9 Conclusions and Future Perspectives

Because of their longevity and slow rate of deterioration, plastic materials survive in the environment. It has been changed into microplastics due to natural forces, which easily enter all ecosystems and, as a result, into living beings, where it accumulates, magnifies, and causes damaging consequences. Microplastics are easily swallowed by marine organisms due to their small size and have been reported to concentrate in tissues, the circulatory system, and the brain. This chapter highlights these important aspects of microplastics in an effort to promote coherent literature and future research among scientists interested in this field. Microplastics cannot be reduced without the general population’s participation, the socioeconomic sectors, tourism, and waste management companies.

Microplastics are predicted to have a greater negative impact, because most countries lack sewage treatment infrastructure and have yet to minimize, repurpose, and recycle plastic products. Appropriate technological solutions must be implemented, and knowledge of waste segregation at the source and the need for plastic recycling must be raised. Strategies to limit the input of plastic into the biosphere should be included in the management protocol. Specific approaches should be used to treat primary and secondary microplastics and keep them out of the ecosystem. Furthermore, there are little research on the prevalence, fate, toxicology, and reduction of MPs in India, necessitating the scientific community’s attention for further investigation.

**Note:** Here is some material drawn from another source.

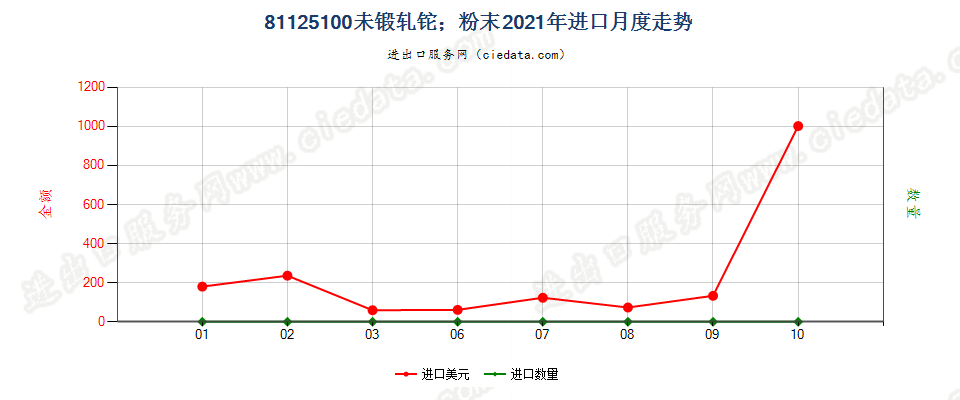 81125100未锻轧铊；铊粉末进口2021年月度走势图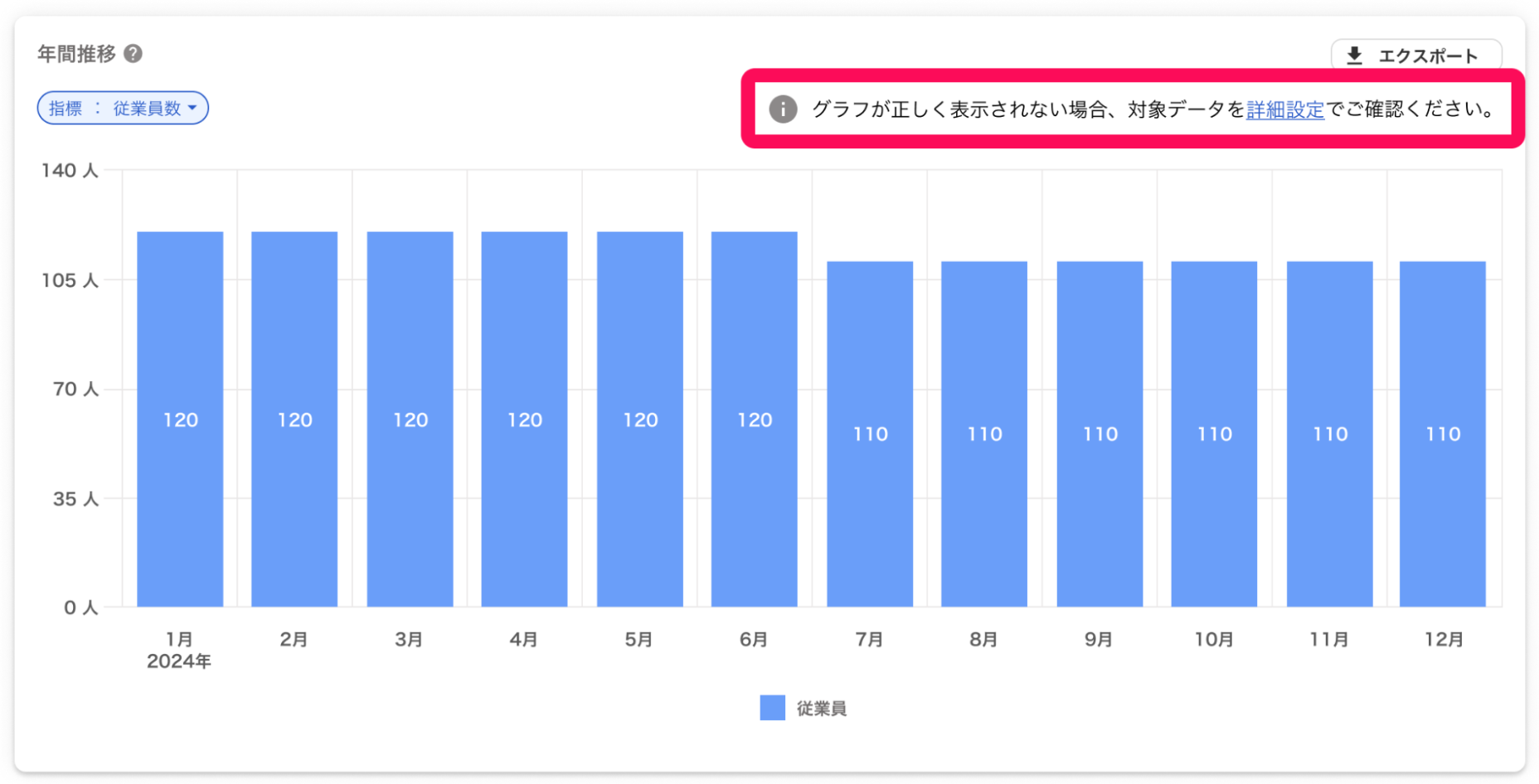 グラフ部分のエラーメッセージを指し示すスクリーンショット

Flaws in waste management must be addressed in order to improve current procedures and reduce the risks connected with them. Furthermore, several bacteria are being tested with properties that could degrade microplastics of aquatic origin. These microorganisms might potentially be used to clean up contaminated settings. The use of microbes for microplastic degradation is a potential and environment-friendly action plan that will allow for the management of microplastics without negative consequences and eventually support the natural clean-up of contaminated areas.